Here's the problem, in part, though the NYT bollixes things by noting this is an apples-and-oranges comparison in general, or, vis-a-vis FedEx, apples and broccoli:
At the same time, decades of contractual promises made to unionized workers, including no-layoff clauses, are increasing the post office’s costs. Labor represents 80 percent of the agency’s expenses, compared with 53 percent at United Parcel Service and 32 percent at FedEx, its two biggest private competitors. Postal workers also receive more generous health benefits than most other federal employees.
It's apples-and-oranges with both because neither one delivers mail, just packages. And, neither one would touch it as long as the old Rural Free Delivery requirement is in place.
It's apples-and-broccoli with FedEx because, unlike UPS and USPS both, FedEx isn't unionized.
That said, speaking of RFD, more rural post offices will have to be shut. Period. End of story. As for the Norman Rockwell image of rural America being shattered? There was a time, back when, when most those burgs and unincorporated hamlets didn't have post offices. And before RFD. The post offices, at least, need to go.
So, too, does Saturday mail delivery. Even if it only cuts a small portion of the budget, as claimed in the story. (That said, making the layoffs that ending Saturday delivery would allow would save more than just the 2 percent of ending Saturday delivery.)
Anyway, the Saturday delivery issue speaks to another problem. This is one area where the undemocratic Senate, not undemocratic in the sense of GOP filibustering but in the sense of equal representation of all states, has the potential to exacerbate the problem.
Other solutions? I don't necessarily want us to go Europe and have USPS enter the commercial sales arena. That said, putting more post offices inside commercial buildings isn't a bad idea. But, we're not worried about needing new post offices in most the country.

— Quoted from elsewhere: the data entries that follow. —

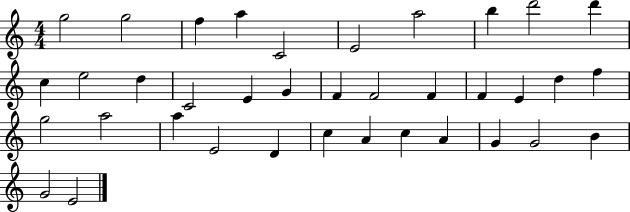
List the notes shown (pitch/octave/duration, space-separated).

G5/h G5/h F5/q A5/q C4/h E4/h A5/h B5/q D6/h D6/q C5/q E5/h D5/q C4/h E4/q G4/q F4/q F4/h F4/q F4/q E4/q D5/q F5/q G5/h A5/h A5/q E4/h D4/q C5/q A4/q C5/q A4/q G4/q G4/h B4/q G4/h E4/h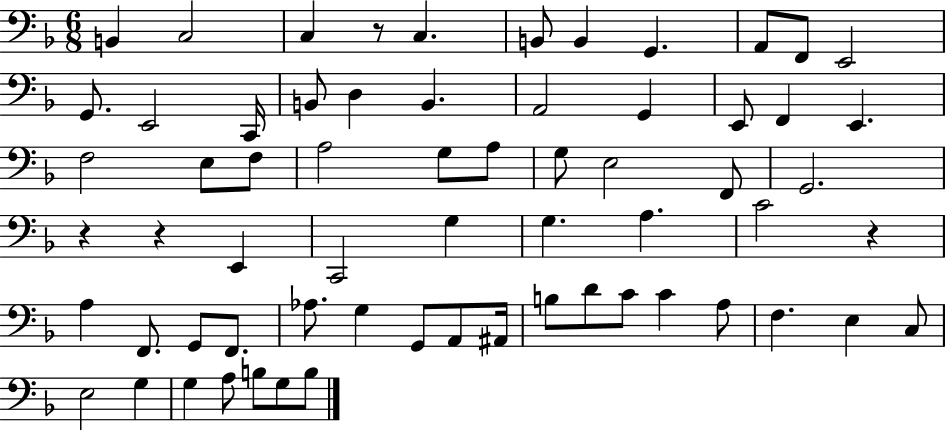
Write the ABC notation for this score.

X:1
T:Untitled
M:6/8
L:1/4
K:F
B,, C,2 C, z/2 C, B,,/2 B,, G,, A,,/2 F,,/2 E,,2 G,,/2 E,,2 C,,/4 B,,/2 D, B,, A,,2 G,, E,,/2 F,, E,, F,2 E,/2 F,/2 A,2 G,/2 A,/2 G,/2 E,2 F,,/2 G,,2 z z E,, C,,2 G, G, A, C2 z A, F,,/2 G,,/2 F,,/2 _A,/2 G, G,,/2 A,,/2 ^A,,/4 B,/2 D/2 C/2 C A,/2 F, E, C,/2 E,2 G, G, A,/2 B,/2 G,/2 B,/2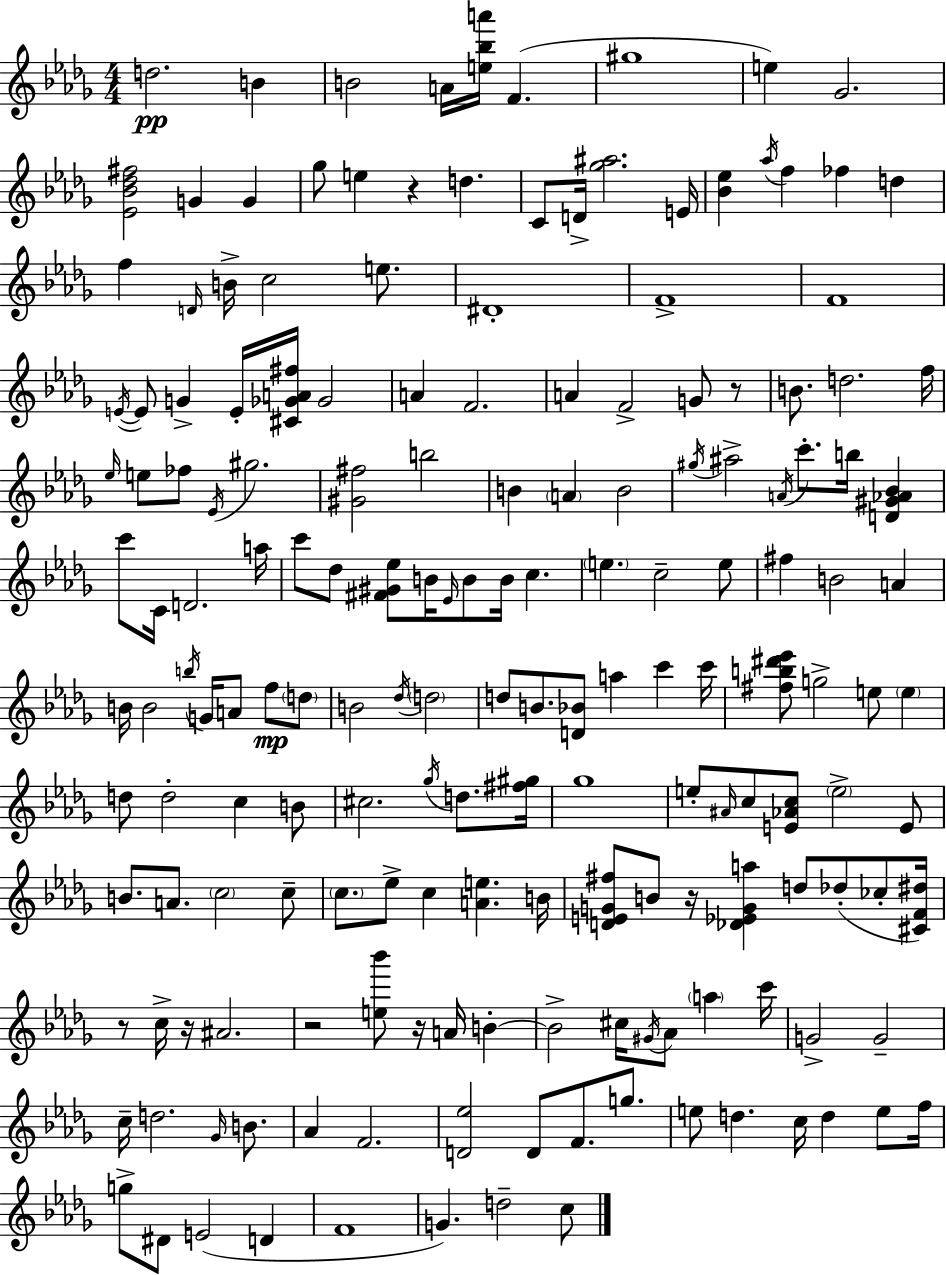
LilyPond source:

{
  \clef treble
  \numericTimeSignature
  \time 4/4
  \key bes \minor
  d''2.\pp b'4 | b'2 a'16 <e'' bes'' a'''>16 f'4.( | gis''1 | e''4) ges'2. | \break <ees' bes' des'' fis''>2 g'4 g'4 | ges''8 e''4 r4 d''4. | c'8 d'16-> <ges'' ais''>2. e'16 | <bes' ees''>4 \acciaccatura { aes''16 } f''4 fes''4 d''4 | \break f''4 \grace { d'16 } b'16-> c''2 e''8. | dis'1-. | f'1-> | f'1 | \break \acciaccatura { e'16~ }~ e'8 g'4-> e'16-. <cis' ges' a' fis''>16 ges'2 | a'4 f'2. | a'4 f'2-> g'8 | r8 b'8. d''2. | \break f''16 \grace { ees''16 } e''8 fes''8 \acciaccatura { ees'16 } gis''2. | <gis' fis''>2 b''2 | b'4 \parenthesize a'4 b'2 | \acciaccatura { gis''16 } ais''2-> \acciaccatura { a'16 } c'''8.-. | \break b''16 <d' gis' aes' bes'>4 c'''8 c'16 d'2. | a''16 c'''8 des''8 <fis' gis' ees''>8 b'16 \grace { ees'16 } b'8 | b'16 c''4. \parenthesize e''4. c''2-- | e''8 fis''4 b'2 | \break a'4 b'16 b'2 | \acciaccatura { b''16 } g'16 a'8 f''8\mp \parenthesize d''8 b'2 | \acciaccatura { des''16 } \parenthesize d''2 d''8 b'8. <d' bes'>8 | a''4 c'''4 c'''16 <fis'' b'' dis''' ees'''>8 g''2-> | \break e''8 \parenthesize e''4 d''8 d''2-. | c''4 b'8 cis''2. | \acciaccatura { ges''16 } d''8. <fis'' gis''>16 ges''1 | e''8-. \grace { ais'16 } c''8 | \break <e' aes' c''>8 \parenthesize e''2-> e'8 b'8. a'8. | \parenthesize c''2 c''8-- \parenthesize c''8. ees''8-> | c''4 <a' e''>4. b'16 <d' e' g' fis''>8 b'8 | r16 <des' ees' g' a''>4 d''8 des''8-.( ces''8-. <cis' f' dis''>16) r8 c''16-> r16 | \break ais'2. r2 | <e'' bes'''>8 r16 a'16 b'4-.~~ b'2-> | cis''16 \acciaccatura { gis'16 } aes'8 \parenthesize a''4 c'''16 g'2-> | g'2-- c''16-- d''2. | \break \grace { ges'16 } b'8. aes'4 | f'2. <d' ees''>2 | d'8 f'8. g''8. e''8 | d''4. c''16 d''4 e''8 f''16 g''8-> | \break dis'8 e'2( d'4 f'1 | g'4.) | d''2-- c''8 \bar "|."
}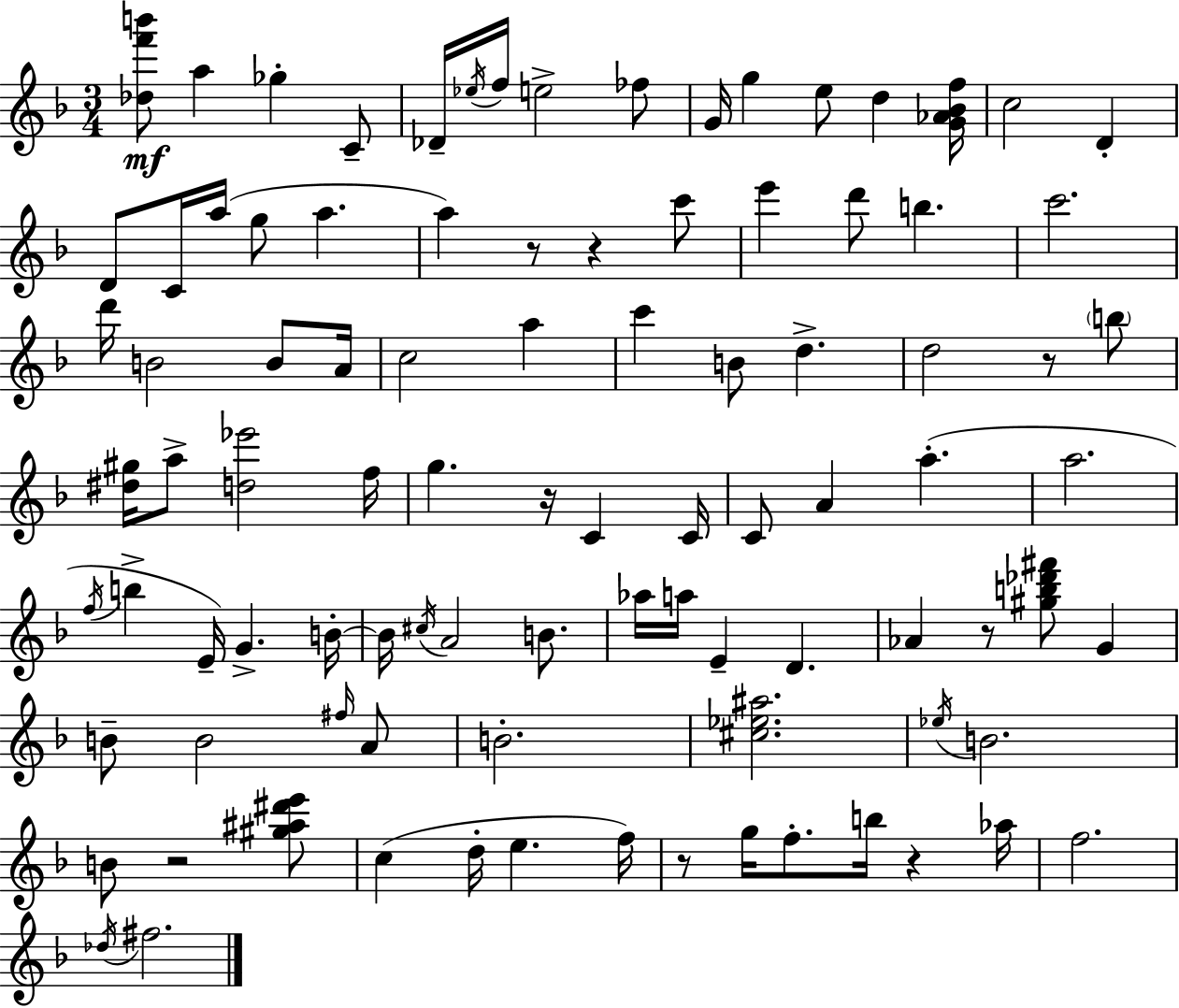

As for postal workers being alarmed and angry? Hey, if you were dumb enough, selfish enough, or a mix of both, in the personage of your union leadership, to push for a no-layoff contract in May, at the same time Patrick Donahoe as postmaster general was dumb enough or threatened enough by strike talk to grant it, you should look in the mirror. That was the time to negotiate good layoff terms instead of insisting on a no-layoff clause.
You'd better act now, Mr. Cliff Guffey, president of the American Postal Workers Union, before Darrell Issa gets nutbar momentum behind his idea of going nuclear on your contracts.
Donahoe is talking about wanting to lay off one-third the force. Or one-fifth. I don't know which, because this story is a fuck-up there, by reporting both, and either 100,000 or 220,000 workers, in two different locations in the story.
That's only one of a number of problems with the story. The reporter doesn't mention how low postal rates are here compared to most of the world; how, in Europe, postal privatization is carefully regulated, details of postal pension plans and more information that would undercut part of the trend of the article.
Wingnuts like Issa want to privatize USPS while ignoring that private parcel service has been cherry-picking, that the government has forced USPS into much of its problems, that UPS at least can be sucky on service and more.